Start of Data
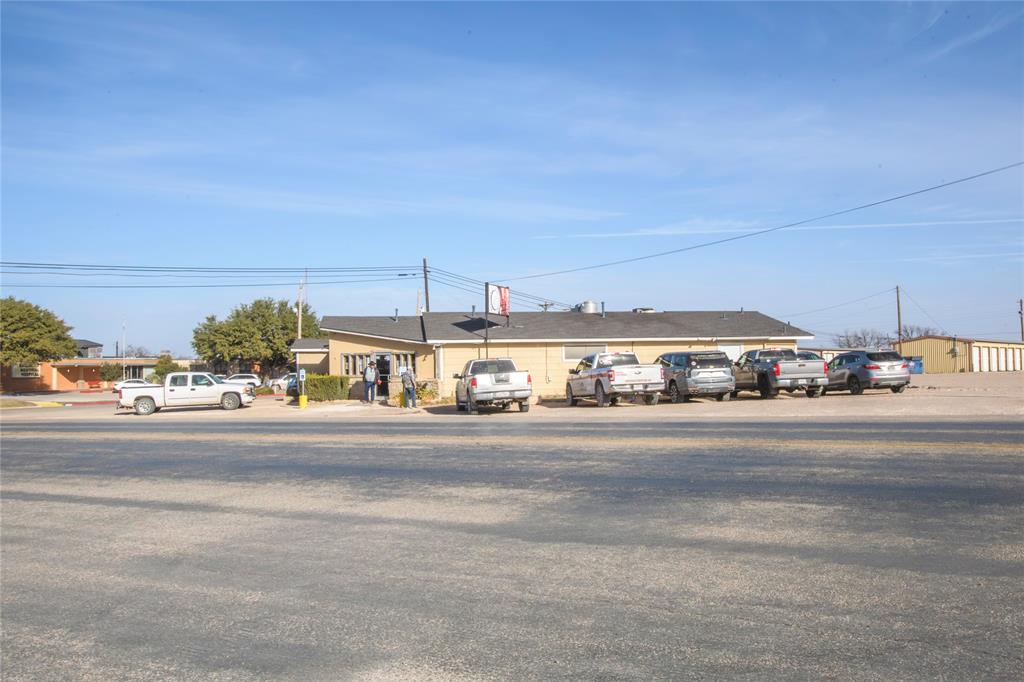 Profitable Steakhouse for Sale – Ballinger, Texas
Almost 40 Years in Business - Turnkey Opportunity
This well established restaurant has been a local favorite for almost 40 years, earning a loyal customer base and strong regional reputation.
The business is consistently profitable with proven financials and steady cash flow. Known for quality steaks, classic Texas hospitality, and repeat clientele, this turnkey operation is ideal for an owner-operator or investor seeking a stable, income-producing business.
Highlights:
Almost 40 years of continuous operation
Very profitable with documented financials
Strong local and regional customer following
Turnkey operation with trained staff in place
Well-maintained kitchen, dining area, and equipment
Prime location on the way to Lake OH Ivey 
Excellent growth potential through expanded hours, catering, or marketing
Seating for 100 
Sale includes improvements, building, business, equipment, recipes, and goodwill. Food will convey at cost separately at closing with a bill of sale.
All P&Ls can be sent over after the NDA is signed by you and your clients.
When you visit the restaurant, please DO NOT talk to the staff or customers about why you are there.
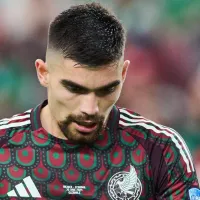 La autocrítica de Johan Vásquez tras la eliminación de la Selección Mexicana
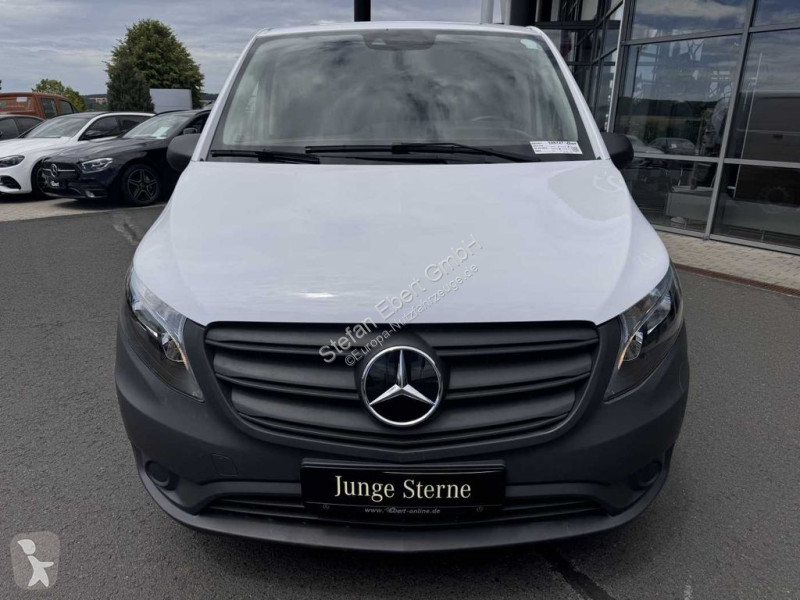 Užitkové vozidlo Mercedes 112 Klima Kamera Navi...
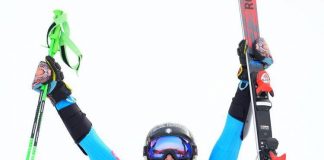 Mondiali sci, Federica Brignone vince l’oro nel gigante di Saalbach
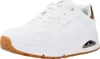 Skechers Sneakers 310545L-WHT in White color size 38 Podgląd zdjęcia produktu 11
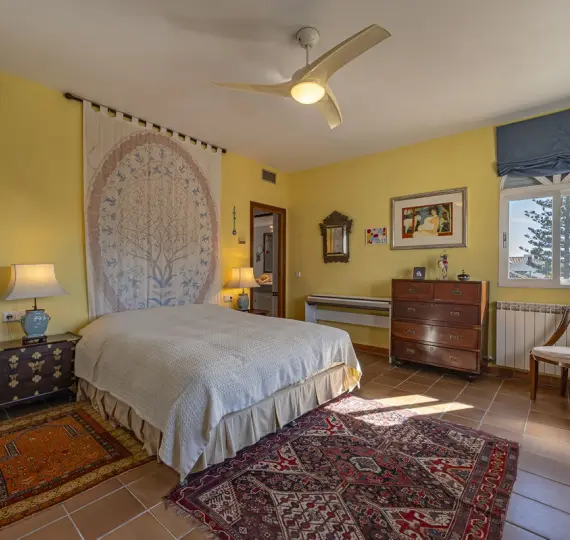 Venta de villa independiente en The Golden Mile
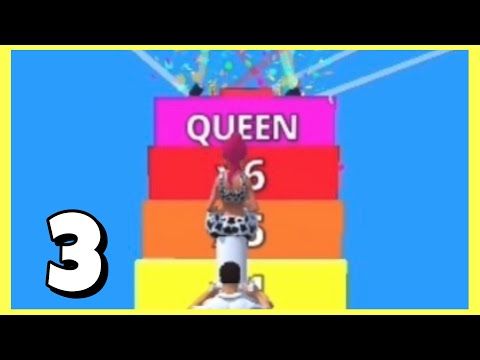 Video guide by Gameplay Island: I Am The Queen Level 8 #iamthe
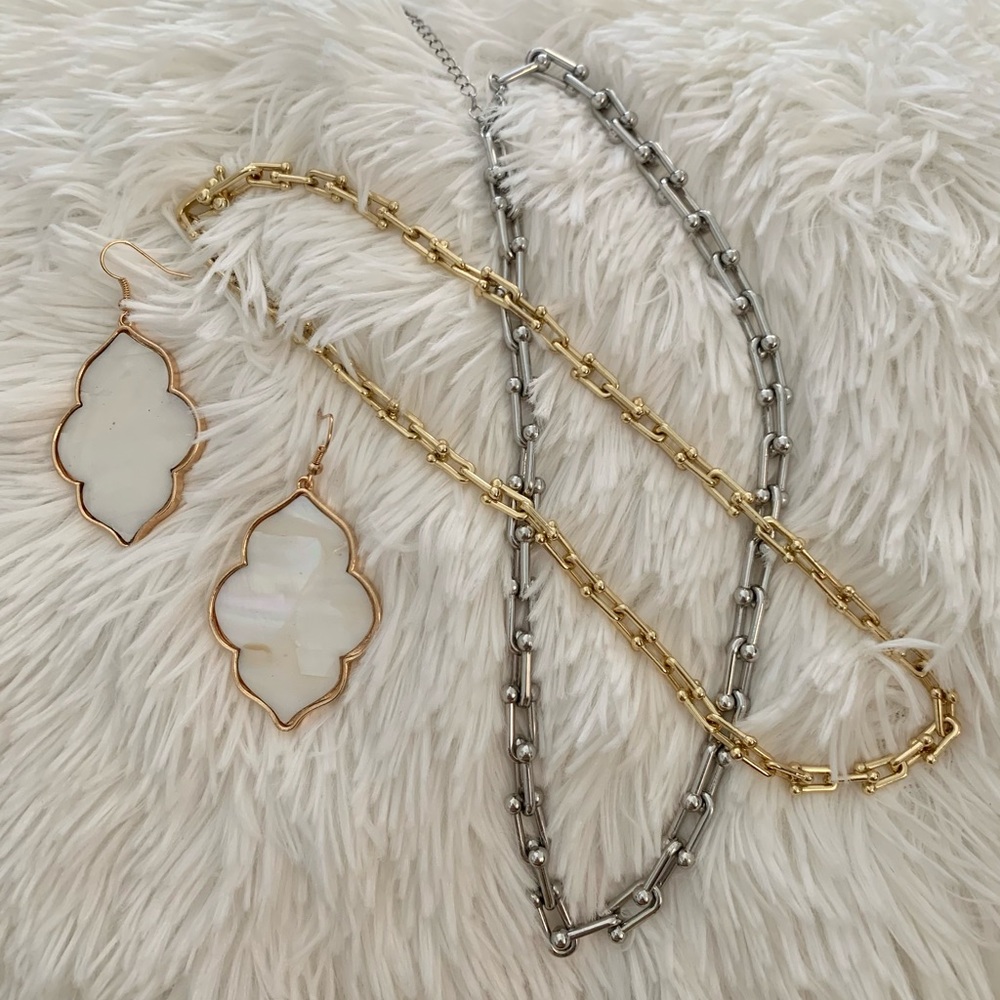 Beautiful Jewelry
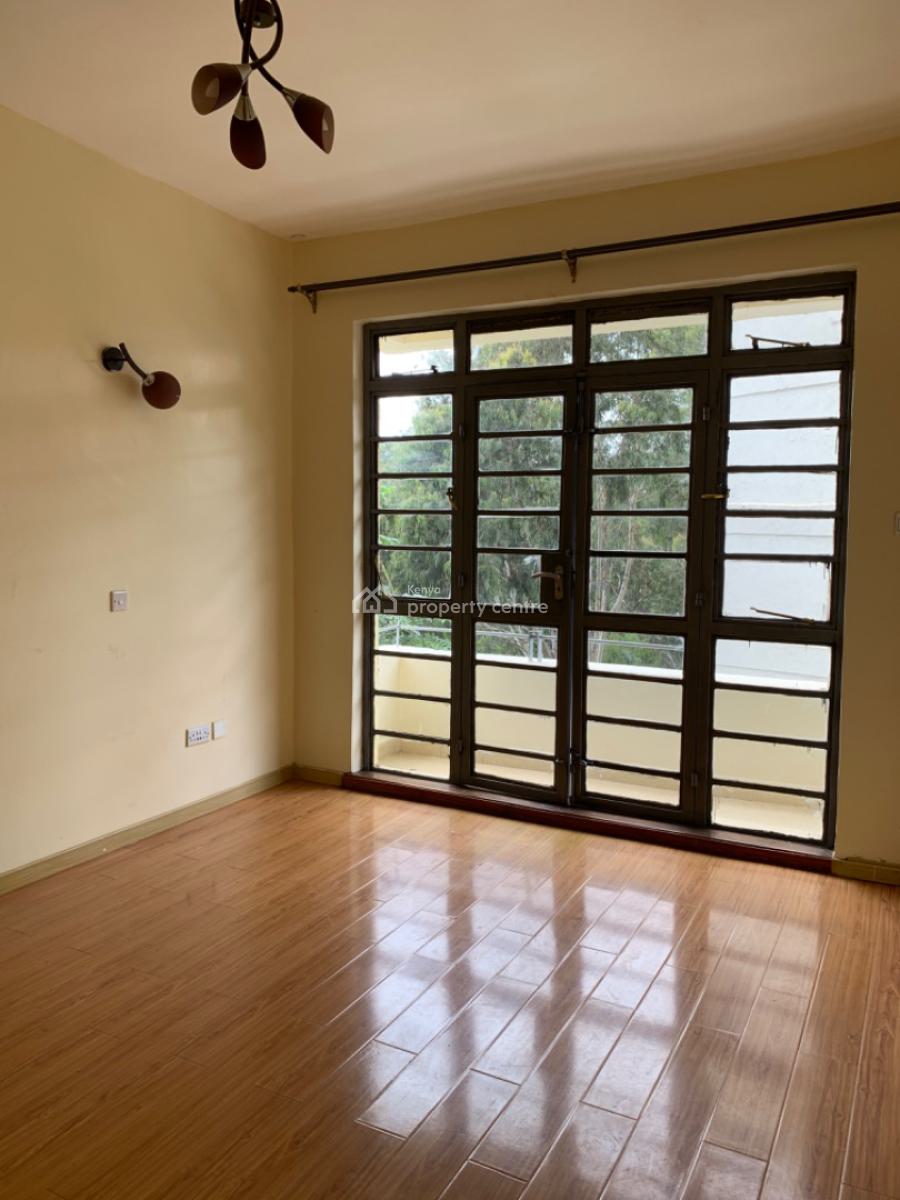 3 Bedroom Apartment All Ensuite with Dsq, Kileleshwa, Nairobi, Apartment for Rent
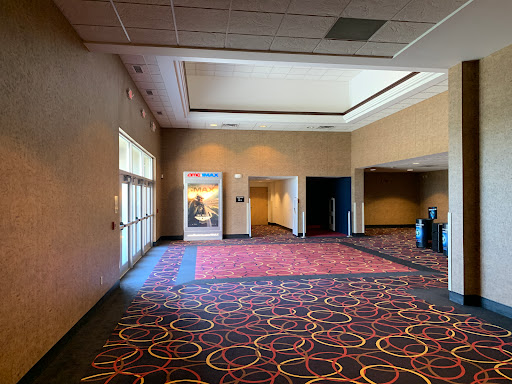 Movie Theater «AMC Council Bluffs 17», reviews and photos, 3220 23rd Ave, Council Bluffs, IA 51501, USA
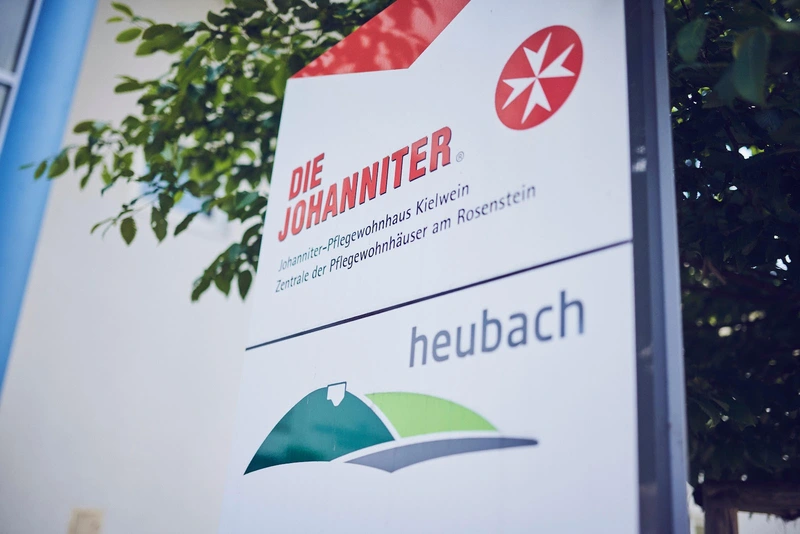 Johanniter Pflegewohnhaus Kielwein Tagespflege – Bild 4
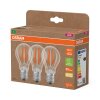Osram E27 7.2 Watt warm wit 1521 Lumen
End of Data
▸ Problem to solve: Copy nothing but the lines from the line that contains "3 Bedroom Apartment" through the end of the listing, exactly, and keep pictures out of it.

▸ Solution below:
 3 Bedroom Apartment All Ensuite with Dsq, Kileleshwa, Nairobi, Apartment for Rent
 Movie Theater «AMC Council Bluffs 17», reviews and photos, 3220 23rd Ave, Council Bluffs, IA 51501, USA
 Johanniter Pflegewohnhaus Kielwein Tagespflege – Bild 4
Osram E27 7.2 Watt warm wit 1521 Lumen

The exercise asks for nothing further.